## Action item
The expected output is every entry, repeated exactly.

## Supplied entries
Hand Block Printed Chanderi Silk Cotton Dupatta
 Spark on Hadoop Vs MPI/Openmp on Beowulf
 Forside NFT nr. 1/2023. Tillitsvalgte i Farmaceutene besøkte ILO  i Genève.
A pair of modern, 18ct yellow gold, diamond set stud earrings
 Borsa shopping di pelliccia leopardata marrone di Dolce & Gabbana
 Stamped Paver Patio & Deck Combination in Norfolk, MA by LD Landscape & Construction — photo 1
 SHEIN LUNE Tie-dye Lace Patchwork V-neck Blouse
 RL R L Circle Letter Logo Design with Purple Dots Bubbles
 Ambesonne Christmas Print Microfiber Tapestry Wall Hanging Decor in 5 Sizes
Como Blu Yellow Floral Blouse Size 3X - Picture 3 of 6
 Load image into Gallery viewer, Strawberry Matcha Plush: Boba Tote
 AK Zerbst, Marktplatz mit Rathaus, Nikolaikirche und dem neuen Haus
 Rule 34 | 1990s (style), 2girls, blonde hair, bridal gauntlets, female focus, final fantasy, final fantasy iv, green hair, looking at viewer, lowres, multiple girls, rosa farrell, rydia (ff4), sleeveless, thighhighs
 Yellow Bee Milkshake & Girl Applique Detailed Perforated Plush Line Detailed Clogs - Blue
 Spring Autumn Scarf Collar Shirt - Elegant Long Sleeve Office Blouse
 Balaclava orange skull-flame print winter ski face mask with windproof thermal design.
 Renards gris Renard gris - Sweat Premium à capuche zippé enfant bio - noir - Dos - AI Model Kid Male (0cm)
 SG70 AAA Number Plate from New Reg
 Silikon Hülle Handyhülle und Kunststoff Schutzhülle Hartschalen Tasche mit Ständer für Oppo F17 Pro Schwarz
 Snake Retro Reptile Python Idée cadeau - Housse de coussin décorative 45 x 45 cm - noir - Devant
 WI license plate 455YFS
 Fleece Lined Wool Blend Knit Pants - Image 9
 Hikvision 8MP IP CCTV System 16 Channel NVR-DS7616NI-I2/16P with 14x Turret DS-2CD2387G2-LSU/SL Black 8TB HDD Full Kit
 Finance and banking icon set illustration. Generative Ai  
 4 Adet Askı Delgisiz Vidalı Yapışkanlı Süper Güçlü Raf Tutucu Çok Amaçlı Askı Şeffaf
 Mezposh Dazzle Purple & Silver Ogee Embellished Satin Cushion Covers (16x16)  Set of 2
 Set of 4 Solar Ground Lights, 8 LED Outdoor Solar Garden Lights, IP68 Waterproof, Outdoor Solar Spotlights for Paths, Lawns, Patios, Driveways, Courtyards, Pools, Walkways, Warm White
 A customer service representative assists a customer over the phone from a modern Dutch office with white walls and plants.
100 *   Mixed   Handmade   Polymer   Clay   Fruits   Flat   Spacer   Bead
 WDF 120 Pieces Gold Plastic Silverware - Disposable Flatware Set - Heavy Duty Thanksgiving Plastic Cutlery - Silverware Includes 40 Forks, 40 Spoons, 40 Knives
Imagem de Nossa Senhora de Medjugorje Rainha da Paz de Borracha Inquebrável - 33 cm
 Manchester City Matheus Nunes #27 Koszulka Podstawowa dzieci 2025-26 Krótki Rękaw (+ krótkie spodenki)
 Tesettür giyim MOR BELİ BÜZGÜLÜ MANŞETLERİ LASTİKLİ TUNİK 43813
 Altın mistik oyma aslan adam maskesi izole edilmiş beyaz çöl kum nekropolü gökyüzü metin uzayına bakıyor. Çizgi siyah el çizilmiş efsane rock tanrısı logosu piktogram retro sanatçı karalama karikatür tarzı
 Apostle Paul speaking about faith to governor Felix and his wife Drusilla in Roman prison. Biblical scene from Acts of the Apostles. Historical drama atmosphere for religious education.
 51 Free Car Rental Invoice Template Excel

## Response to this exercise
Hand Block Printed Chanderi Silk Cotton Dupatta
 Spark on Hadoop Vs MPI/Openmp on Beowulf
 Forside NFT nr. 1/2023. Tillitsvalgte i Farmaceutene besøkte ILO  i Genève.
A pair of modern, 18ct yellow gold, diamond set stud earrings
 Borsa shopping di pelliccia leopardata marrone di Dolce & Gabbana
 Stamped Paver Patio & Deck Combination in Norfolk, MA by LD Landscape & Construction — photo 1
 SHEIN LUNE Tie-dye Lace Patchwork V-neck Blouse
 RL R L Circle Letter Logo Design with Purple Dots Bubbles
 Ambesonne Christmas Print Microfiber Tapestry Wall Hanging Decor in 5 Sizes
Como Blu Yellow Floral Blouse Size 3X - Picture 3 of 6
 Load image into Gallery viewer, Strawberry Matcha Plush: Boba Tote
 AK Zerbst, Marktplatz mit Rathaus, Nikolaikirche und dem neuen Haus
 Rule 34 | 1990s (style), 2girls, blonde hair, bridal gauntlets, female focus, final fantasy, final fantasy iv, green hair, looking at viewer, lowres, multiple girls, rosa farrell, rydia (ff4), sleeveless, thighhighs
 Yellow Bee Milkshake & Girl Applique Detailed Perforated Plush Line Detailed Clogs - Blue
 Spring Autumn Scarf Collar Shirt - Elegant Long Sleeve Office Blouse
 Balaclava orange skull-flame print winter ski face mask with windproof thermal design.
 Renards gris Renard gris - Sweat Premium à capuche zippé enfant bio - noir - Dos - AI Model Kid Male (0cm)
 SG70 AAA Number Plate from New Reg
 Silikon Hülle Handyhülle und Kunststoff Schutzhülle Hartschalen Tasche mit Ständer für Oppo F17 Pro Schwarz
 Snake Retro Reptile Python Idée cadeau - Housse de coussin décorative 45 x 45 cm - noir - Devant
 WI license plate 455YFS
 Fleece Lined Wool Blend Knit Pants - Image 9
 Hikvision 8MP IP CCTV System 16 Channel NVR-DS7616NI-I2/16P with 14x Turret DS-2CD2387G2-LSU/SL Black 8TB HDD Full Kit
 Finance and banking icon set illustration. Generative Ai  
 4 Adet Askı Delgisiz Vidalı Yapışkanlı Süper Güçlü Raf Tutucu Çok Amaçlı Askı Şeffaf
 Mezposh Dazzle Purple & Silver Ogee Embellished Satin Cushion Covers (16x16)  Set of 2
 Set of 4 Solar Ground Lights, 8 LED Outdoor Solar Garden Lights, IP68 Waterproof, Outdoor Solar Spotlights for Paths, Lawns, Patios, Driveways, Courtyards, Pools, Walkways, Warm White
 A customer service representative assists a customer over the phone from a modern Dutch office with white walls and plants.
100 *   Mixed   Handmade   Polymer   Clay   Fruits   Flat   Spacer   Bead
 WDF 120 Pieces Gold Plastic Silverware - Disposable Flatware Set - Heavy Duty Thanksgiving Plastic Cutlery - Silverware Includes 40 Forks, 40 Spoons, 40 Knives
Imagem de Nossa Senhora de Medjugorje Rainha da Paz de Borracha Inquebrável - 33 cm
 Manchester City Matheus Nunes #27 Koszulka Podstawowa dzieci 2025-26 Krótki Rękaw (+ krótkie spodenki)
 Tesettür giyim MOR BELİ BÜZGÜLÜ MANŞETLERİ LASTİKLİ TUNİK 43813
 Altın mistik oyma aslan adam maskesi izole edilmiş beyaz çöl kum nekropolü gökyüzü metin uzayına bakıyor. Çizgi siyah el çizilmiş efsane rock tanrısı logosu piktogram retro sanatçı karalama karikatür tarzı
 Apostle Paul speaking about faith to governor Felix and his wife Drusilla in Roman prison. Biblical scene from Acts of the Apostles. Historical drama atmosphere for religious education.
 51 Free Car Rental Invoice Template Excel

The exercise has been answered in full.